Compiler error only when calling method from WITHIN templated class
I can't figure out why this code won't compile:
class A{}
class Bextends A{}
class Test1<A>
{
void foo(A[] array){}
void bar()
{
foo(new B[10]);
}
}
class Test2
{
void bar()
{
new Test1<A>().foo(new B[10]);
}
}
The call to foo from Test2 succeeds. The call to foo from Test1 gives an error:
foo(A[]) in Test1<A> cannot be applied to (B[])
Why would the call location make a difference? It doesn't make sense to me.
# 1
The main error here is that you misapplied Generics. The A in class Test1<A> is not the same as your class A, but a type parameter having the same name. Hence, B is not a subclass of that A.
# 2
You need to inistantiate Test1 correctly to be able to callfoo(new B[10])just like in Test2new Test1<A>().bar()should work.To evoid compile time error use cast clase. ((A[]) new B[10])Message was edited by: _Dima_
# 3
Oops, you're right! It was a bad example. Here's a rewrite that should be a better illustration of the problem I'm facing:
import java.util.*;
class A {
void doSomething() {}
}
class B extends A {}
class Test
{
void foo(List<A> array)
{
array.get(0).doSomething();
}
void bar()
{
List<B> list = Arrays.asList(new B());
foo(list);
}
}
When I try to call foo, I pass in a List<B> type. B is a subclass of A, so B is compatible with A, and therefore List<B> is compatible with List<A>, right? But instead I get a compiler error:
foo(java.util.List<A>) in Test cannot be applied to (java.util.List<B>)
# 4
This one is completely wrong. B extends A doesn't imply List<B> extends List<A>.
# 5
> This one is completely wrong. B extends A doesn't
> imply List<B> extends List<A>.
Why? It's perfectly valid for arrays:
class A {
void doSomething() {}
}
class B extends A {}
class Test
{
void foo(A[] array)
{
array[0].doSomething();
}
void bar()
{
B[] array = new B[1];
foo(array);
}
}
This compiles with no errors because B[] is compatible with A[].
So why is List<B> not compatible with List<A>?
# 6
List is a complex object while array is just wraper.

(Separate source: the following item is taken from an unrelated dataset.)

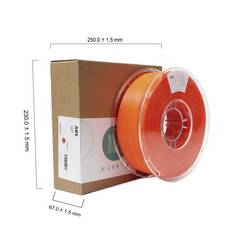 Maertz PMMA-1010-011 PMMA-1010-011 vlákno pro 3D tiskárny ABS plast chemicky odolné 1.75 mm 1000 g oranžová 1 ks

Theoretically it could be that way but itis expensive and not needed indeed. If B extends A You always may use instance ofList<A>.
# 7
> Theoretically it could be that way
Yes, intuitively it should work! That's why I was so confused.
> but it is expensive
I'm not sure what's so expensive about it. It's just a compile-time check, is it not?
> and not needed indeed.
But I need it!
I was able to work around the problem by wrapping Arrays.asList() in the A class:
import java.util.*;
class A {
void doSomething() {}
List<A> asList()
{
return Arrays.asList(this);
}
}
class B extends A {}
class Test
{
void foo(List<A> array)
{
array.get(0).doSomething();
}
void bar()
{
List<A> list = new B().asList();
foo(list);
}
}
# 8
It is not. All polimorphism is done in runtime.BTW it seems like functionality of Your samples quit different. But beleive me there can be only one List<A>.
# 9
Dima,please could you help me with my assignment, which I'm sure that you will find easy? I'm desperate now! It's a User Interface...
# 10
> It is not. All polimorphism is done in runtime.
Yes, polymorphism is at runtime, but type checking is not. The check that results in "List<B> is not compatible with List<A>" is done at compile time.
The polymorphism in this case occurs only when you pull an object from the list and call a function on it. But that also happens when arrays are used instead of Lists, so I don't think the incompatibility is due to runtime performance.
> BTW it seems like functionality of Your samples quit
> different.
No, it's the same.
# 11
> Why? It's perfectly valid for arrays:
Here's why:
List<A> lista = new List<A>();
List<B> listb = new List<B>();
listb = lista; // This is not allowed. Pretend it is for this example
lista.put(new A());
B b = listb.get(0); // This will retrieve an A from a list which claims to only hold B
Also, you really shouldn't use class names with a single character at the same time as generics - it gets very confusing very quickly.
# 12
B b = listb.get(0); // This will retrieve an A from a list which claims to only hold B
Ah, that's right! Good point.
But then why is this allowed?
class A {}
class B extends A {}
class Test
{
void foo(A[] arrayA)
{
arrayA[0] = new A(); // Throws ArrayStoreException
}
void bar()
{
B[] arrayB = new B[1];
foo(arrayB);
}
}
Shouldn't this also give a compile-time error?
Alternatively, the collections version should be compilable but then throw an exception (like the array version does) when you try to do this:
listb.put(new A())
At least then it would be consistent.
# 13
Simple answer: arrays were less well specified than generics. Java arrays are well known to be non-typesafe for exactly the reason you give.